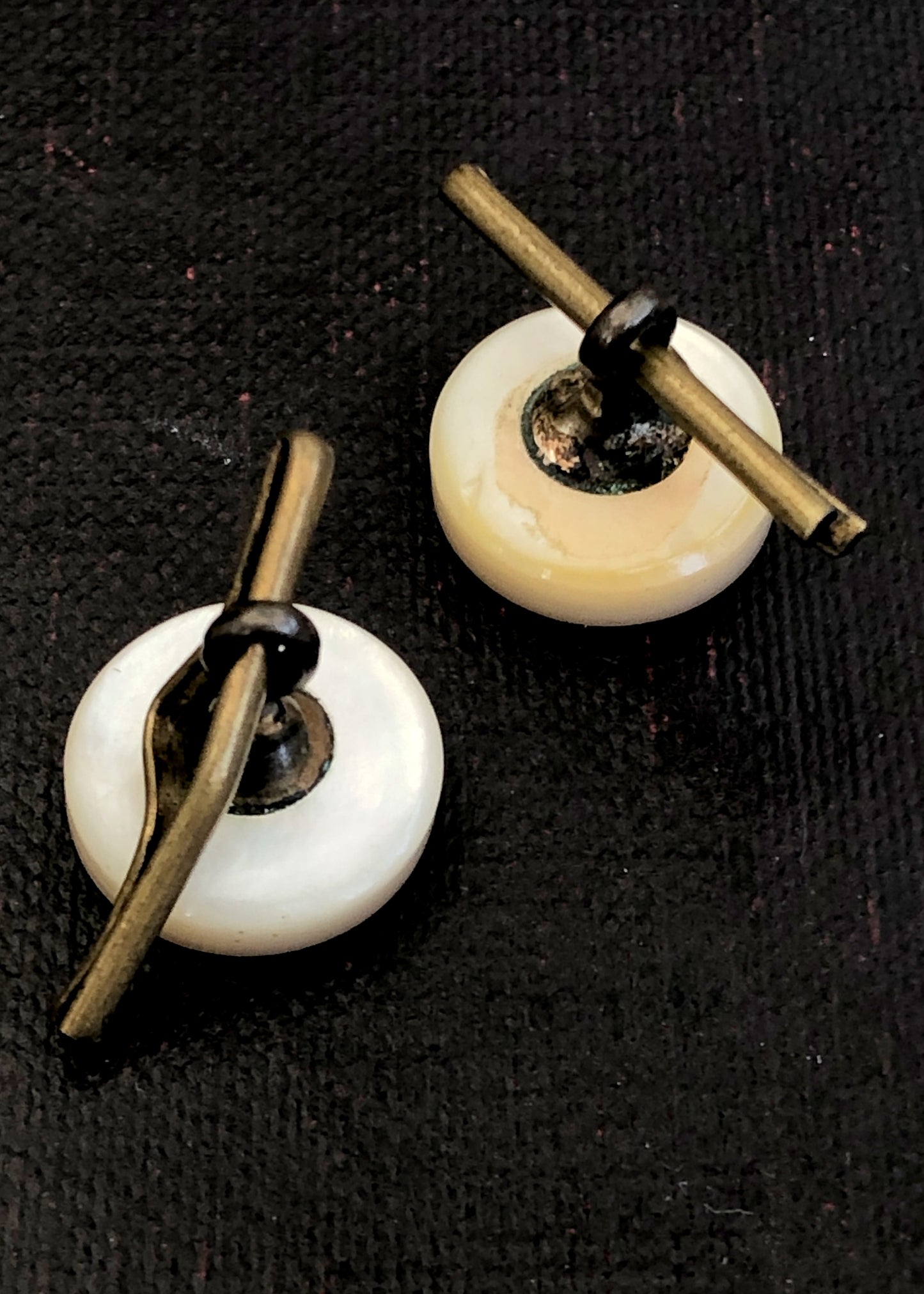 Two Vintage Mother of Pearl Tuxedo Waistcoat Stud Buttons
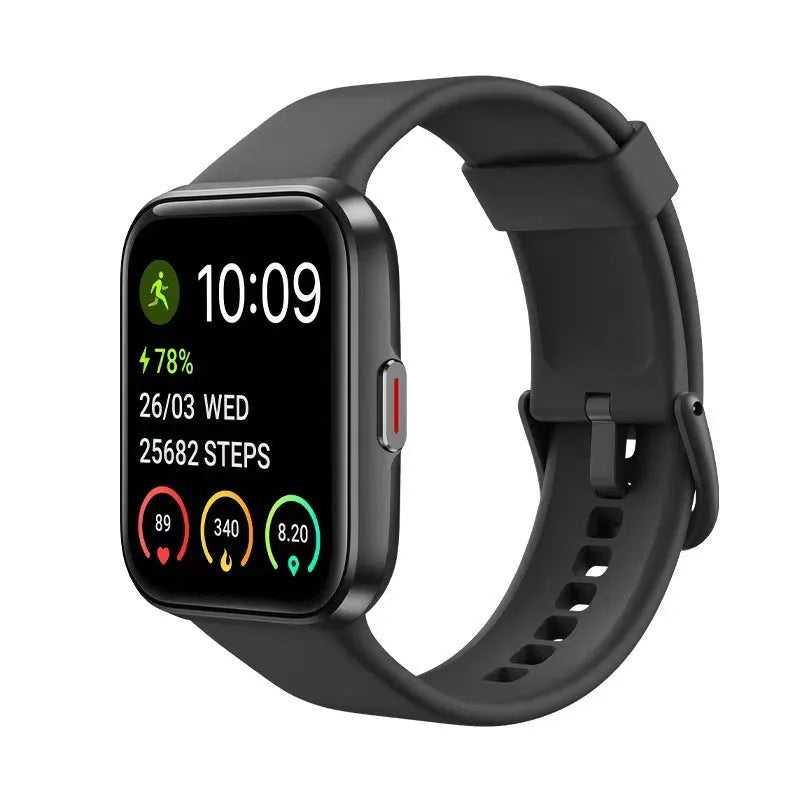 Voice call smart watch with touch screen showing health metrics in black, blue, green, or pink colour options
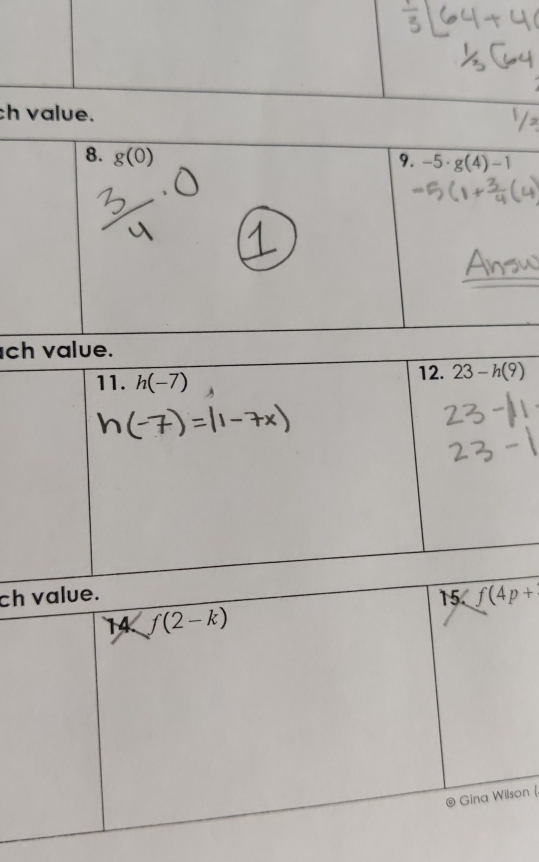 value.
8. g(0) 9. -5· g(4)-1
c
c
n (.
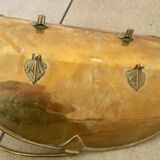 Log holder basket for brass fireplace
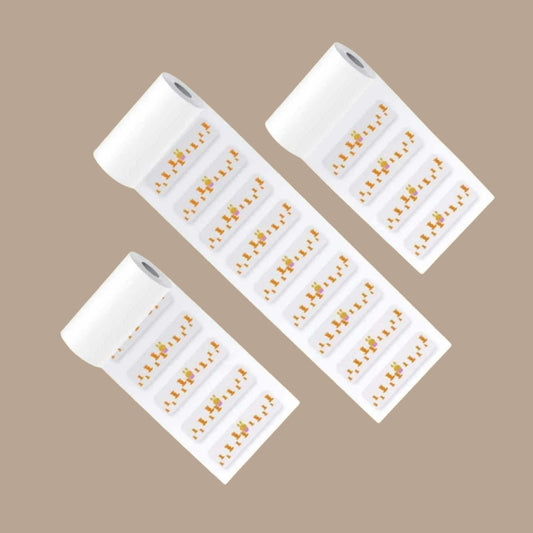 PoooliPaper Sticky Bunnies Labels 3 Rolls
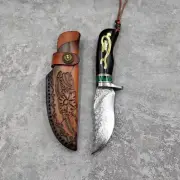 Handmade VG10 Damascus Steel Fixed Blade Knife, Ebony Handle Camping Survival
......
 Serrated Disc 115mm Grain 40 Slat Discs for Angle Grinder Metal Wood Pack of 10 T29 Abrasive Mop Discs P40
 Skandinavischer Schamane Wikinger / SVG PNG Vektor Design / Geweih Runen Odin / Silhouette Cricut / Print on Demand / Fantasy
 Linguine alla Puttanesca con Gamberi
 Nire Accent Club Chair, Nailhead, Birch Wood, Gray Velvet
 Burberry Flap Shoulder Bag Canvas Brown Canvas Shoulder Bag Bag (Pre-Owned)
......
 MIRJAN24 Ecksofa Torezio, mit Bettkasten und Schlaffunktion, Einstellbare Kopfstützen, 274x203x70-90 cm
......
Some lines of the material above contain the string "Wood". Please state how many, giving the number alone.

2